4.4. Correlation with Acid–Base Status

A further benefit from studying such well-documented populations as those described above was the ability to correlate acid–base balances both during labor, provided by fetal scalp blood sampling [37], and at delivery by umbilical cord blood analysis [36]. In both instances, there was good correlation of pH and base excess trends over time with concurrent FRI scores (Figure 6). These are important findings since fetal scalp blood sampling is no longer routinely performed, and the FRI could be considered a potential continuous surrogate measure for such assays during labor. We have also demonstrated that the FRI outperformed the ACOG 3-Category system in predicting fetal cord blood pH and Base Excess [41].
Any new approach to clinical care like FRI often elicits criticism and resistance to its acceptance, as was illustrated in two recent articles that were either dismissive [42] or simply misinformed [43]. The first publication [42] appeared at a time when the FRI had received its first four publications that represented our initial attempts at “proof of concept” studies. Its author contends that this “system has never been validated, there has been lack of standard criteria for diagnosing cases of HIE, lack of appropriate controls, and multiple obvious sources of bias.” As borne out by our studies, these statements are simply untrue. Subsequently, there have been 15 additional peer-reviewed publications that support our initial investigations and continue to strengthen the FRI concept as a valid approach that could greatly improve the performance of EFM. The second publication [42] considered the FRI to be “junk science.” It attempted to support this contention with several patently false statements, including allegations that all of the original FRI study patients were derived from medical malpractice cases and that FRI studies could predict the exact timing of intrapartum fetal injury. Our development of the FRI approach has been described in this paper and future avenues for intrapartum monitoring systems and their outcomes are briefly described in the following section, which should effectively put such off-base criticisms to rest.

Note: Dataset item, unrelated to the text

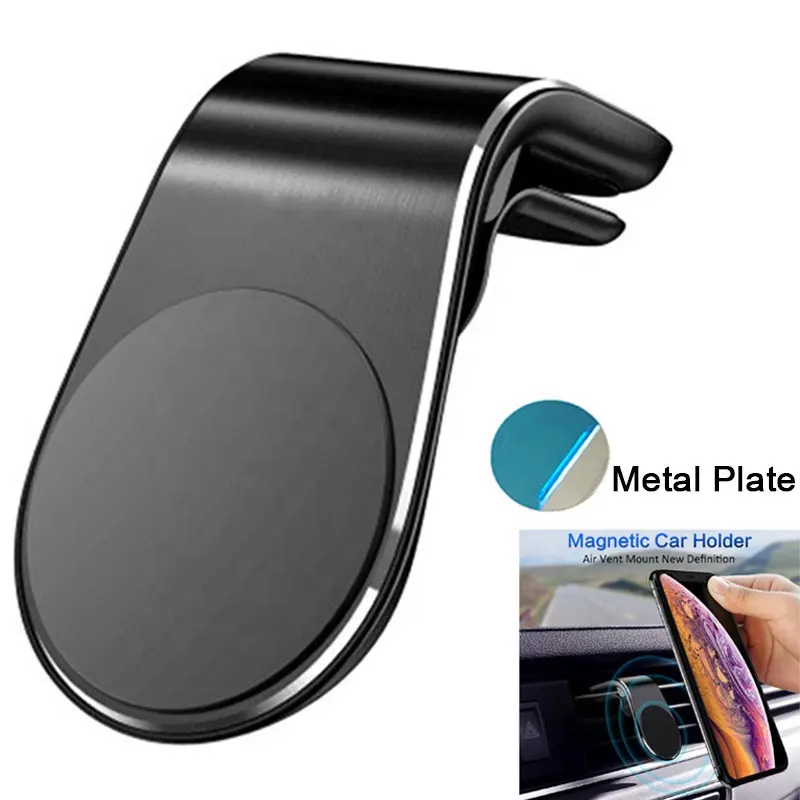 Amostra livre de suporte magnético universal do telefone do carro, ventilação e suporte do painel de ar para o carro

5. Future Horizons for Improving Intrapartum Monitoring Systems

5.1. Limitations of Current Approaches

Innovations for intrapartum fetal monitoring have had mixed results due, in no small part, to the unpredictability of the intrauterine environment in which fetal oxygenation is continually challenged by repetitive uterine contractions. As previously noted, attempts to incorporate fetal scalp blood pH, fetal scalp oximetry, or ECG analysis into clinical management have been abandoned by the US obstetrical community. There are a number of new attempts to try again to use fetal EEGs, pulse oximetry, and AI-guided systems. It is certainly possible, but nowhere proven, that such attempts will have much better outcomes this time than previously. Without incorporating the larger ecosystem of fetal reserve (i.e., adding the risk factors), the asymptote of success will likely still be suboptimal to the use of a more contextualized metric.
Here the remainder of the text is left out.